California AG Xavier Becerra releases final regulations implement racial and identity profiling act

California Attorney General Xavier Becerra condemned the Trump Administration’s final new rule allowing prolonged detention of migrant children and families who crossed the border into United States.

The U.S. Department of Homeland Security (DHS) and the Department of Health and Humans Services (HHS) announced the final rule on Wednesday. Both departments will start implementing it after days.

DHS Acting Secretary Kevin McAleenan explained that the final rule is essential to address the crisis at the border. It has “two core principles—families should remain together during immigration proceedings and conditions for care of children must be appropriate.”

However, Becerra believes the final rule circumvents the Flores Settlement Agreement, which guarantees critical protections for children in immigration custody. The final rule will also “cause irreparable harm” to the children and their families as well as to California communities that accept them upon release from detention.

In a statement, Becerra said, “Children don’t become subhuman because they are migrants. All children are God’s children, our children, and America should never treat them otherwise. Yet, the Trump Administration is about to take America down that dark road stripping protections that spare children from the trauma and harm caused by unlawful, cruel, and prolonged detention. We are prepared to defend the human rights of children and the values and integrity of the United States of America.”

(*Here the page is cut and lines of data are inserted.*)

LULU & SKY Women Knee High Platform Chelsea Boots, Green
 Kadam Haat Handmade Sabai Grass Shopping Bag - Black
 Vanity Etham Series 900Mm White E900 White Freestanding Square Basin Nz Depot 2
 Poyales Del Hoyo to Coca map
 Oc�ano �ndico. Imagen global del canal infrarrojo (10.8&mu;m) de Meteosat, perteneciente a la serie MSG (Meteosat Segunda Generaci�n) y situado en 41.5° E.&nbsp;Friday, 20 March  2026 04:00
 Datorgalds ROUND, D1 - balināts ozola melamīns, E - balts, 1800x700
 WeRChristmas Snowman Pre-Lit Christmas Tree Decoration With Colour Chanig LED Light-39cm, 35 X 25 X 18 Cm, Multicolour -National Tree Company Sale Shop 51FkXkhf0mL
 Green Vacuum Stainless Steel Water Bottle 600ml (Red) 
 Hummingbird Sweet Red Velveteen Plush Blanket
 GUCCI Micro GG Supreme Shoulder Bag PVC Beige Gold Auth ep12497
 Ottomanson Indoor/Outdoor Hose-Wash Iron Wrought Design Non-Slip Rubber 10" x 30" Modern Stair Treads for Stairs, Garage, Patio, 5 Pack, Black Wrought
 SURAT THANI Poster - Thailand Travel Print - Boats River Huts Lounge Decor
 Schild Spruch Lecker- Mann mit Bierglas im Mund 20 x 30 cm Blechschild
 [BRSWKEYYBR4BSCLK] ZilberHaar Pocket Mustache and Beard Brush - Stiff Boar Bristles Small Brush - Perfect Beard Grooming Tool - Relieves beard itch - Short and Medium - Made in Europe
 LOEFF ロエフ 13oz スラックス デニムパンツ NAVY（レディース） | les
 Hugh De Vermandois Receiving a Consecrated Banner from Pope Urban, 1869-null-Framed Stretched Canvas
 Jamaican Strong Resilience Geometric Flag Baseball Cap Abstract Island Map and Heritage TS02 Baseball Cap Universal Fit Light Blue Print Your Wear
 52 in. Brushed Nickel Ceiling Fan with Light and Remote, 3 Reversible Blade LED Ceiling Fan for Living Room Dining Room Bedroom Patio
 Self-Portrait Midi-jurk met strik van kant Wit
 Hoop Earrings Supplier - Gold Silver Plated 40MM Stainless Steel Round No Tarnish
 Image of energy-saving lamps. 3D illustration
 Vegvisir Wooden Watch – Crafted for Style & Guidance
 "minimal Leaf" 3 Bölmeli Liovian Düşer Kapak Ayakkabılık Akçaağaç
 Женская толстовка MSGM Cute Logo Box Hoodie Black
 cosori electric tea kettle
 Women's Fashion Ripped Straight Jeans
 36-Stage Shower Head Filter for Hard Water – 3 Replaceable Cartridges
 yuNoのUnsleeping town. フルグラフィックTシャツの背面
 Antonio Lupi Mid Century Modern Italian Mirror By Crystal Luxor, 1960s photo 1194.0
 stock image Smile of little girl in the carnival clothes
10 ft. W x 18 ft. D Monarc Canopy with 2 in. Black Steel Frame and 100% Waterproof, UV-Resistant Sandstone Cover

Coalition of 18 Attorney Generals opposed the final rule

In November last year, he led a coalition of 18 Attorneys General opposing the final rule. In their comment letter, Becerra and his colleagues

  • Noted how the proposed rule removes important protections guaranteed by the Flores Settlement Agreement, including the presumption that all children are eligible for release into the community;
  • Described constitutional due process concerns with the prolonged detention of children;
  • Cited evidence to rebut the Administration’s claim that detention is a deterrent to immigration;
  • Highlighted how the rule undermines state licensing of children’s residential placements, which is a fundamental police power traditionally reserved to the states; and
  • Discussed the severe and lasting harm children suffer when subjected to detention.